Source data ▸
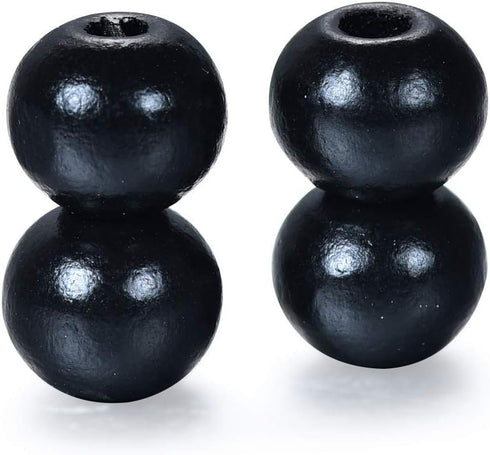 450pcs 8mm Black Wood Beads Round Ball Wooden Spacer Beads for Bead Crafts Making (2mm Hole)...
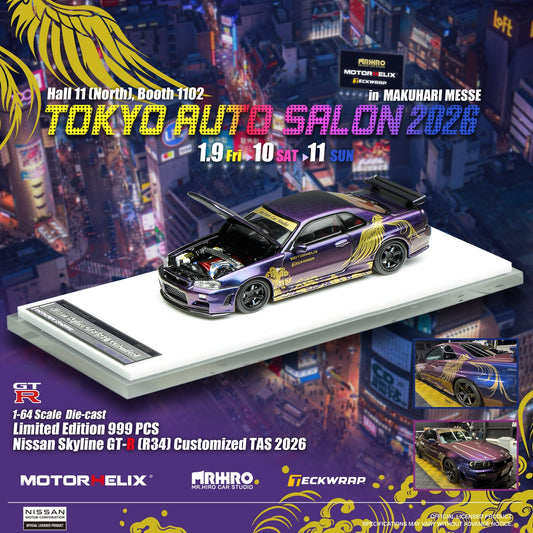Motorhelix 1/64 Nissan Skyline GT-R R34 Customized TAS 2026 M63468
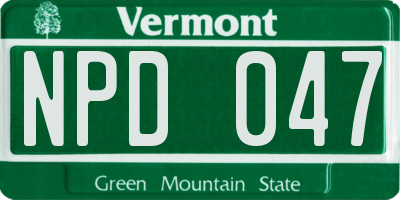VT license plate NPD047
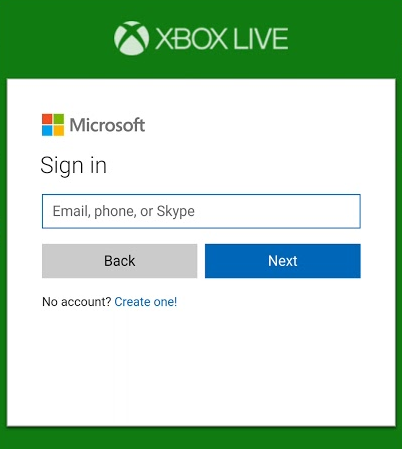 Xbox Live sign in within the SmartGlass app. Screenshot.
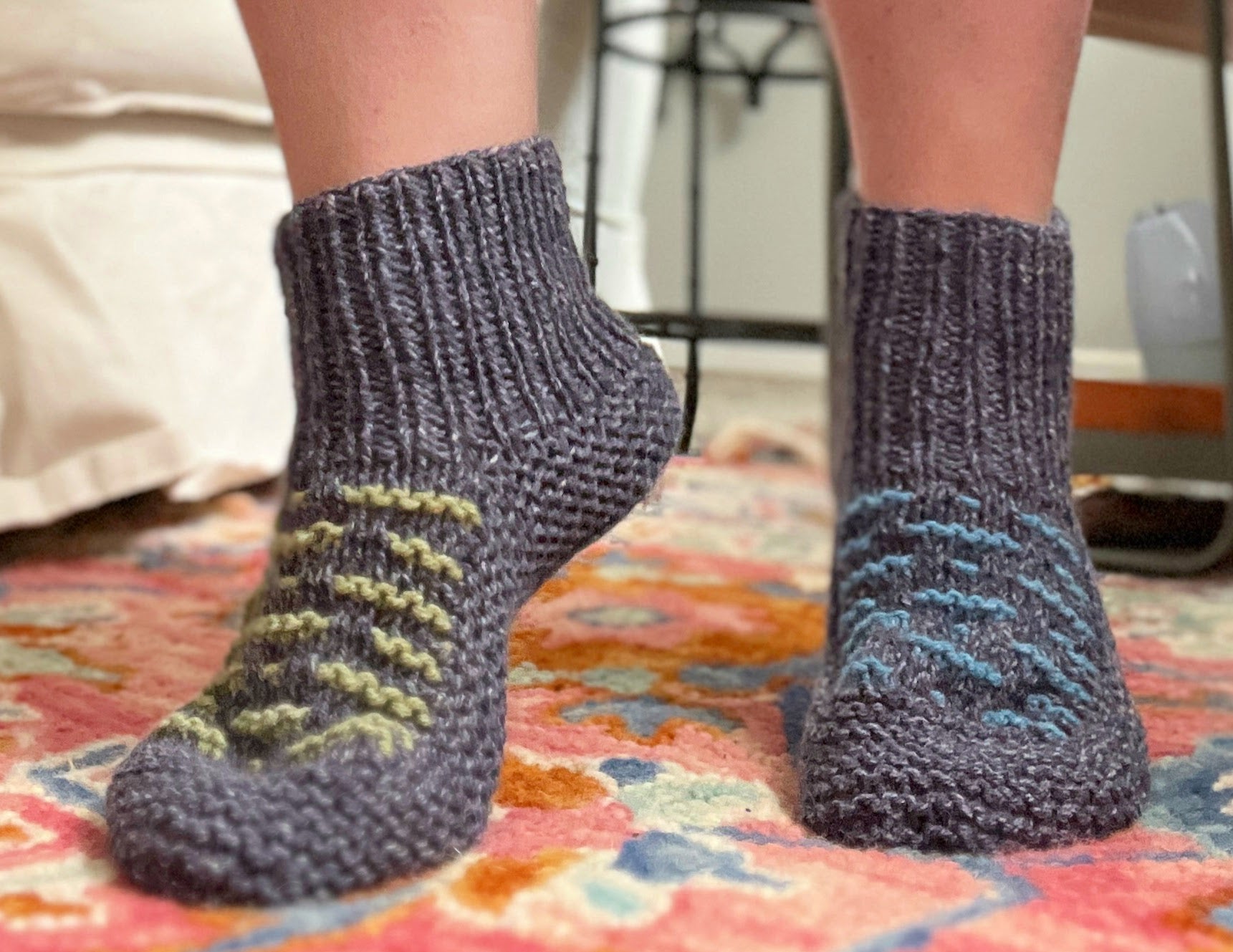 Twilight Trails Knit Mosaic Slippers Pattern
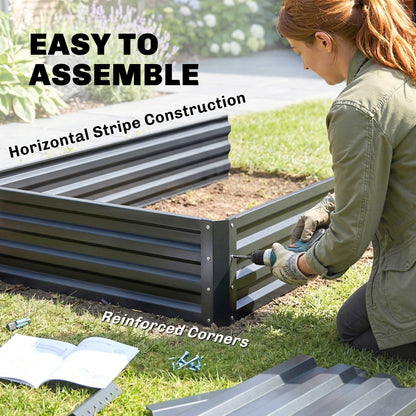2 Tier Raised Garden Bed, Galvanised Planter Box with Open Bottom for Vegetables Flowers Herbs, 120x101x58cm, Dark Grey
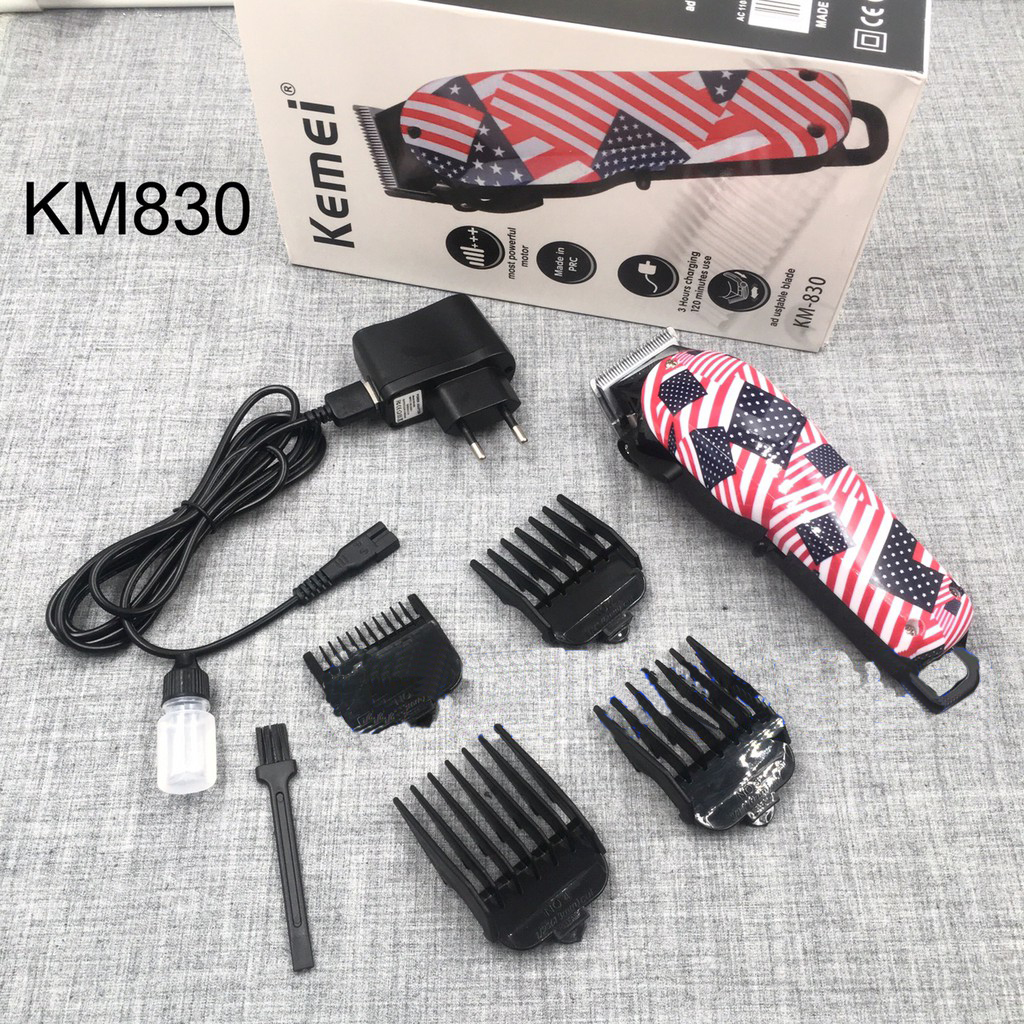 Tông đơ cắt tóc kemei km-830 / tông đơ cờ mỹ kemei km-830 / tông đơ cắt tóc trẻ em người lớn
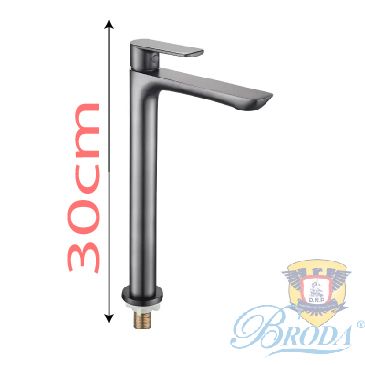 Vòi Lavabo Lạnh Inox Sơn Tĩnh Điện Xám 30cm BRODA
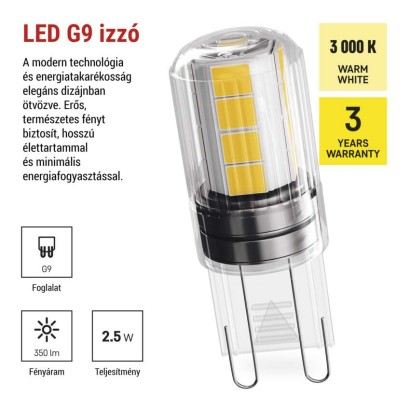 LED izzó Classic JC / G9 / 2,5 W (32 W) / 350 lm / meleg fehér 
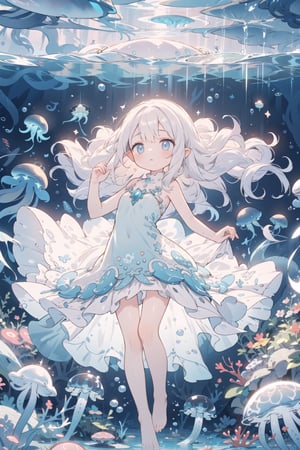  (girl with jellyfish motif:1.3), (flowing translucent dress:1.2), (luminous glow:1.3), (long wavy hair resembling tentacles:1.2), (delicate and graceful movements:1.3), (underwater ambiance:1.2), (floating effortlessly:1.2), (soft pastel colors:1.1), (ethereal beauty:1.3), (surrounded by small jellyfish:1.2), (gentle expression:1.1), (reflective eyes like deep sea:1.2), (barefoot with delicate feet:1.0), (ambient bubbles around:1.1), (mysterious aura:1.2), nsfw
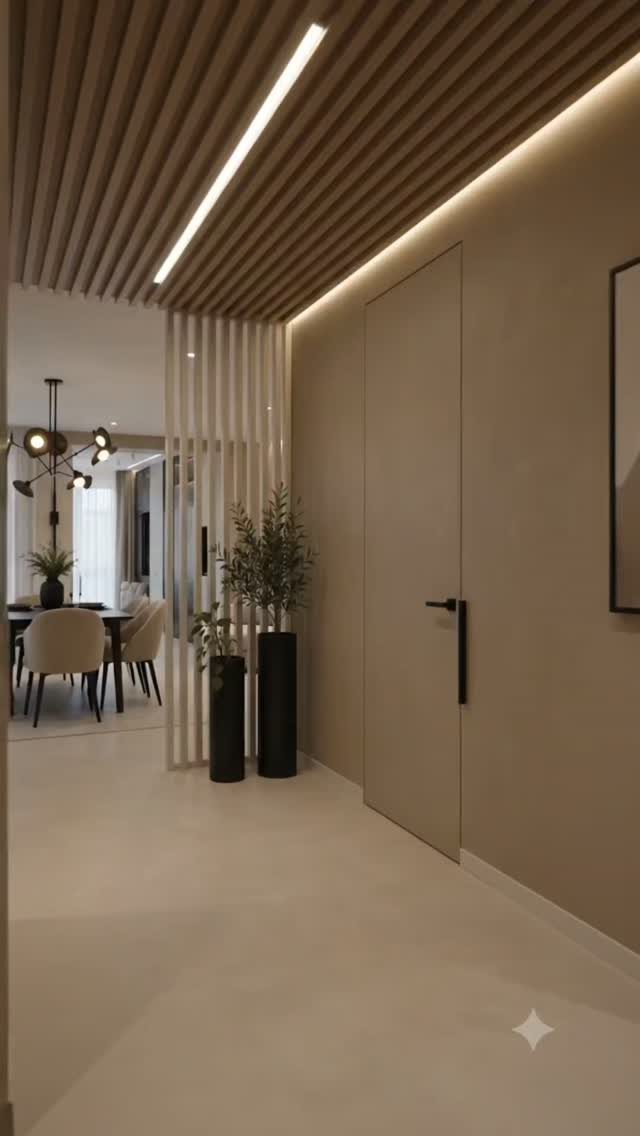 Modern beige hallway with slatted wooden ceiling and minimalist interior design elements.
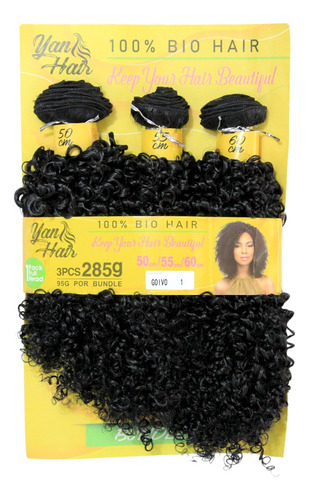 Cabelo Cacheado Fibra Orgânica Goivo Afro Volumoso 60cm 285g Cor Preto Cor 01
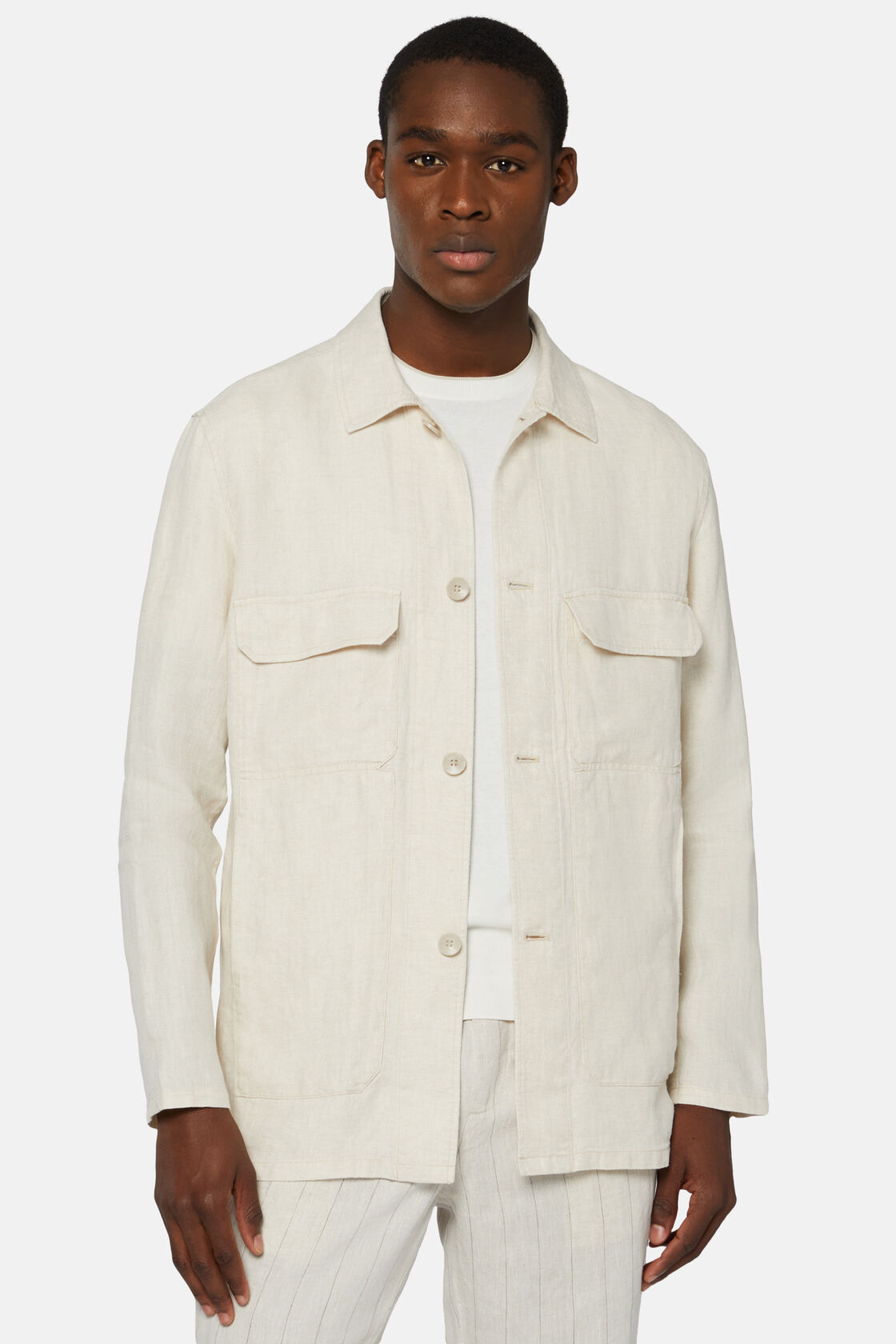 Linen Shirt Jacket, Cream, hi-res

Problem description ▸
Repeat each line of the listing word for word, from the first through the line that contains "LED izzó Classic". Any picture stays out.

Exercise result ▸
 450pcs 8mm Black Wood Beads Round Ball Wooden Spacer Beads for Bead Crafts Making (2mm Hole)...
Motorhelix 1/64 Nissan Skyline GT-R R34 Customized TAS 2026 M63468
VT license plate NPD047
 Xbox Live sign in within the SmartGlass app. Screenshot.
 Twilight Trails Knit Mosaic Slippers Pattern
2 Tier Raised Garden Bed, Galvanised Planter Box with Open Bottom for Vegetables Flowers Herbs, 120x101x58cm, Dark Grey
 Tông đơ cắt tóc kemei km-830 / tông đơ cờ mỹ kemei km-830 / tông đơ cắt tóc trẻ em người lớn
 Vòi Lavabo Lạnh Inox Sơn Tĩnh Điện Xám 30cm BRODA
 LED izzó Classic JC / G9 / 2,5 W (32 W) / 350 lm / meleg fehér 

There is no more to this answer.